Illsley recalled the day that ‘Brothers in Arms’ was written as a time when neither he nor Knopfler, dreamt just how much effect on the pop world of the time it would have. He admitted though that “I must have played it over a thousand times now – but it still gives me goosebumps”. A number for holding lighters/cellphones aloft in the darkness if ever there was one. It came mid-set when daylight made those lighters superfluous but nonetheless it was still as much a ‘goosebumps’ moment for us it was for John Illsley. Indeed, for those of us (most of the audience probably) from the time that Straits were musically World conquerors, the whole set, outside of a couple of Illsley’s own newer compositions like ‘In the darkness’ was one long goose-bump moment.
Roger Hodgson’s set was of course guaranteed to prolong those goose-bumps.
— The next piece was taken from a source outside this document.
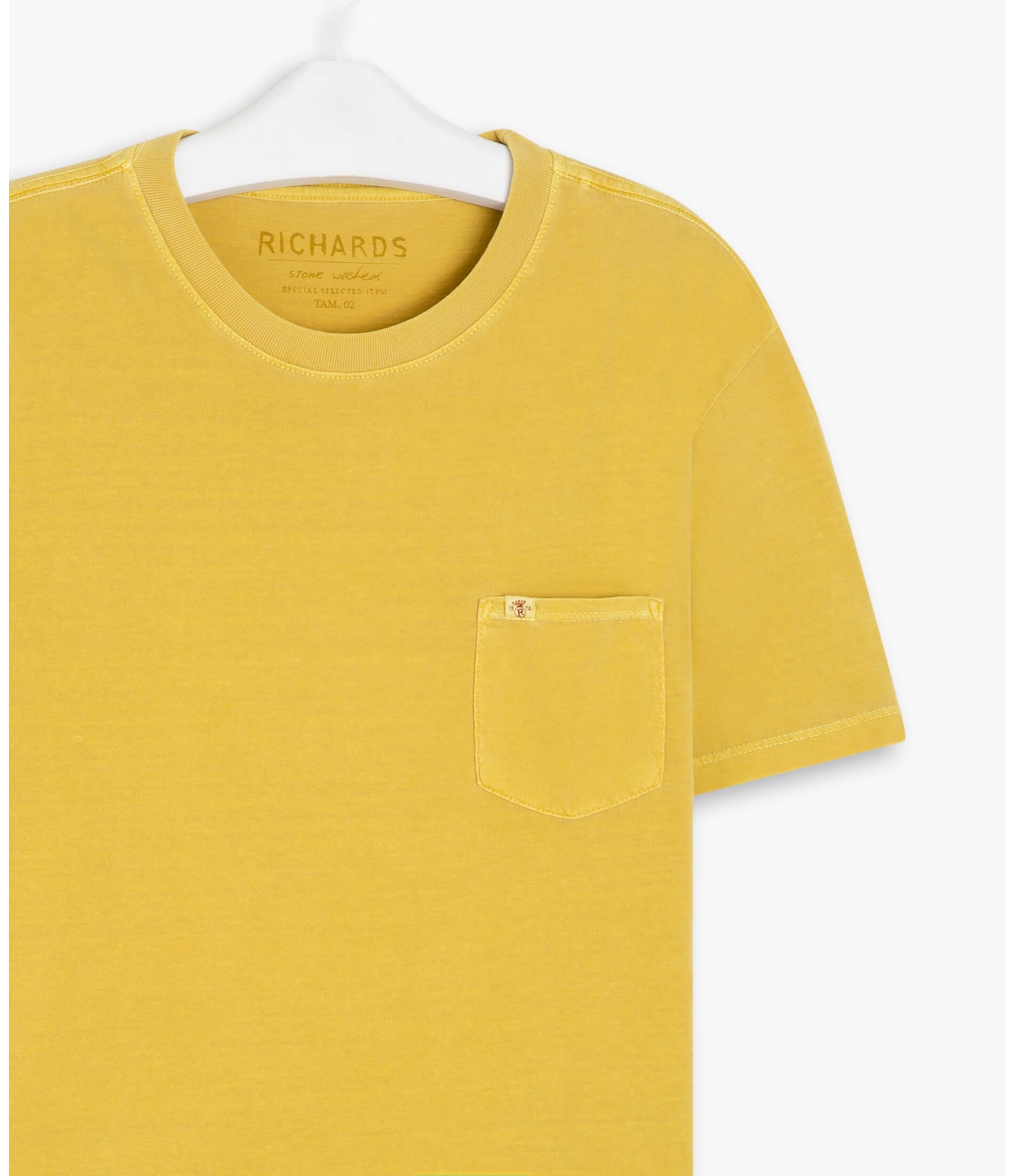 T-Shirt Mm Washed Com Bolso Mostarda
“I want you to look at those trees over there,” announced Roger Hodgson, pointing out to the edge of the arena, after stepping onstage to thunderous applause. “I want you to leave whatever worries you have amongst those trees. Leave them for the next couple of hours…” With that said, he smiled, placed a neatly typed set-list next to his keyboard, took a quick glance in the rear view mirror attached to that keyboard to see the band were ready, and began to play. The opening notes of ‘Take the long way home’ wafted out into the warm Summer air and all worries were instantly forgotten by some 3,500 people.
Rather like the previous Dire Straits set, this one too seemed to be hit after hit from a time when lyrics were agonized over and music meticulously crafted. The best numbers seemed to be those that came after the sun dipped down and the lights created a magical world framed on the big stage in front of us. ‘Death and a Zoo’ with its jungle background sounds and Hodgkinson’s question beforehand: “Imagine you’re a wild animal. What would you choose? death, or life in a zoo?”. Stunning.
If the zoo animal conundrum was difficult to answer, easier was Hodgson’s next question: “Who is still a dreamer amongst you?”. One of those songs that are more than just an aural memory from one’s past, more a tangible piece of fabric from those student days when we were all dreaming of how we would change the World. The hundreds of voices singing in unison to every line tell me I’m not the only one thinking so.
Of course, we went on to discover the reality – that the World would in fact change us. ‘Fool’s Overture’ is Hodgson’s opus to that theme of dreams versus reality. It was, he revealed, a number that took five years to complete and, rather like ‘Dreamer’ is a snapshot of a Great Britain that was fraying at it’s social and political seams. To the chimes of Big Ben, Churchill is resiliently announcing “We will never surrender” and of course we still haven’t – Britain doesn’t need Europe – it’s got everything it needs. forty years on from the songs origins, and heads are still stuck, ostrich like, in the sand. It’s a long piece of music and was created with an orchestra in mind and it’s a credit to the excellent band this evening that ‘Fool’s Overture’ still moves listeners so many years later. Special and deserved mention here for Michael Ghegan whose multi-instrumental duties really gave the band an orchestral depth of sound.
It seemed hard to believe that we hadn’t heard all the hits, even after so many great songs, but still there was time for two encores of extra quality in ‘Give a little Bit’ and ‘It’s Raining Again’.
Over at the VIP tent, a gentleman named Fred Durst was celebrating his birthday. The next day he appeared on this very stage to close the 2018 season of Kunst!Rasen with his Rap band from Florida Limp Bizkit. I know there will have been lots of adrenalin-fuelled rock riffs flying at that one, but will there be even one song of the quality we heard all evening tonight? Time to go out and finally buy a copy of ‘Crime of the Century’. – finally I ‘get’ it.